Lo que es mejor

—Tienes que estar bromeando —gritó Kyoko enfurecida.

—El director cree que sería una excelente oportunidad para generar expectación alrededor de la producción, una forma de garantizar el éxito en las taquillas —dijo molesto, pero tratando de mantenerse profesional.

—Y tú, ¿estás de acuerdo con esto?

—No soy yo quién debe estar de acuerdo, eso solo te concierne a ti y a Kein-san, quien ya ha accedido a hacer parte de esto si tú lo haces, pero entiendo las motivaciones del director, los rumores ya se han extendido, es una forma de sacarles provecho.

—Por Dios, ¿te estás escuchando, Yukihito? ¿Entiendes siquiera lo que me estás pidiendo?

Claro que lo entendía, él de todos era el menos feliz con la situación, dejar que los rumores de su novia saliendo con su co-protagonista circularan, era un golpe bajo, cuando todo lo que él quería era gritarle al mundo que ella era de él. Pero había estado lo suficiente en la industria, para conocer la influencia de los trucos publicitarios y la atención mediática.

—Kyoko…

—No quiero escucharte, Yashiro, vete.

Deja escapar un suspiro frustrado.

—Piénsalo, ¿quieres?

—No soy una mentirosa, Yukihito.

Ha pasado una semana y Kyoko sigue sin dirigirle la palabra más allá de lo estrictamente necesario. La ve sonreír y saludar al público del talk show del que es invitada. Hoy sabrá junto con el resto de Japón la decisión que ha tomado Kyoko. La entrevista trascurre sin mayores contratiempos hasta la pregunta:

—Entonces, ¿es cierto, Kyoko-san?, los rumores de que Kein-san y tú están saliendo juntos.

Kyoko sonríe.

—Ah, esos rumores. Kein es una persona fantástica, un excelente compañero de reparto, un buen amigo, desafortunadamente no somos más que eso.
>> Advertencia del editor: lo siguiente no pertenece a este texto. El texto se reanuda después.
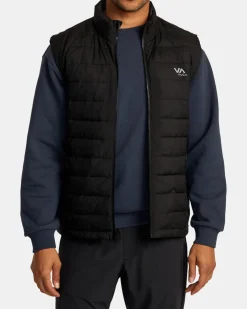 REVERSIBLE PUFFER VEST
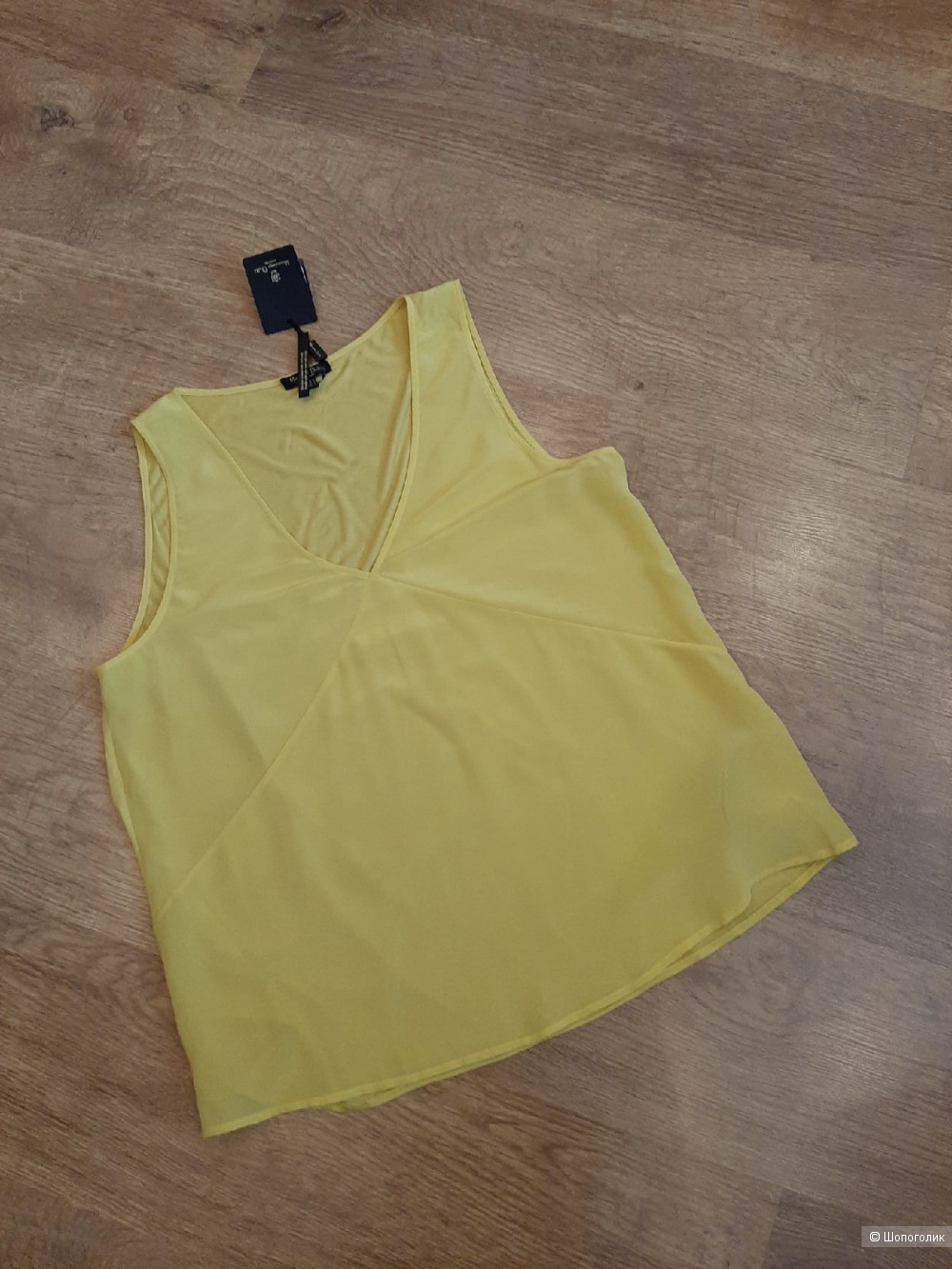 Блузка Massimo Dutti р.L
Yashiro dejó escapar una respiración que no sabía estaba conteniendo.

—¿Y las fotos?

—Esas fotos son parte de la nueva producción donde trabajamos juntos, Libélula, a la que todos están invitadísimos.

—Entonces, está confirmado, ese corazón sigue sin tener dueño.
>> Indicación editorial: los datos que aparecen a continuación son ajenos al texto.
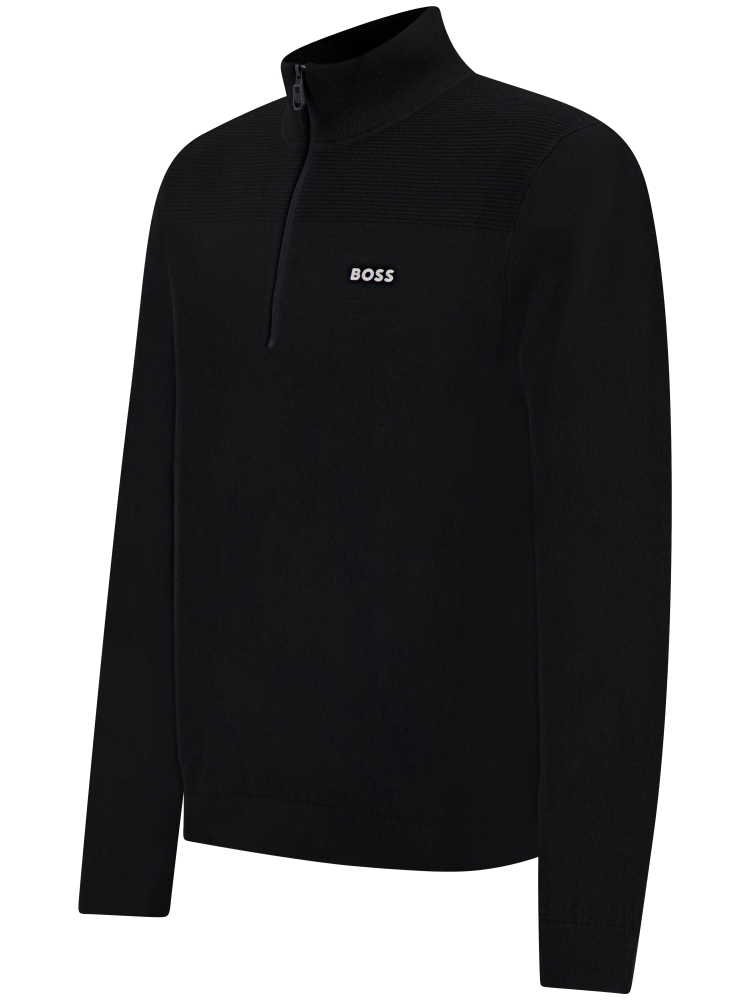 Boss 50547898 KN_MOMENTUM-X QZ 001 BLACK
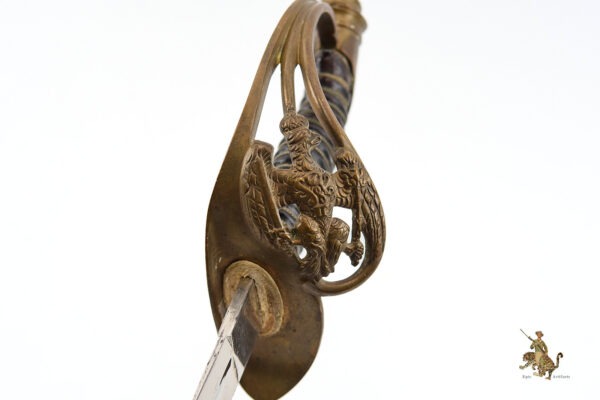 M89 Imperial Prussian Officer Sword - Image 16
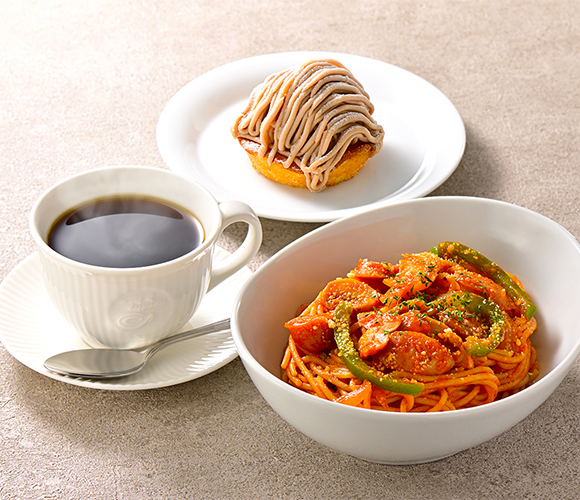 カフェ・ド・クリエのおすすめメニューをご紹介！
Yashiro vio con asombro cómo la pregunta pareció coger con la guardia baja a Kyoko, que no respondió de inmediato y la entrevistadora notó la apertura.

—Ohhh, lo hay, lo hay, Kyoko-san, siempre lo has negado vehementemente, pero no esta vez, así que tengo que preguntar, ¿hay alguien en tu vida?

Kyoko sonrió una de esas preciosas sonrisas que él tanto amaba y el corazón de Yukihito se brincó un latido.

—Sí… Es Yashiro Yukihito, mi mánager.

Su trabajo como mánager se fuera al demonio, nunca había sido más feliz en su vida.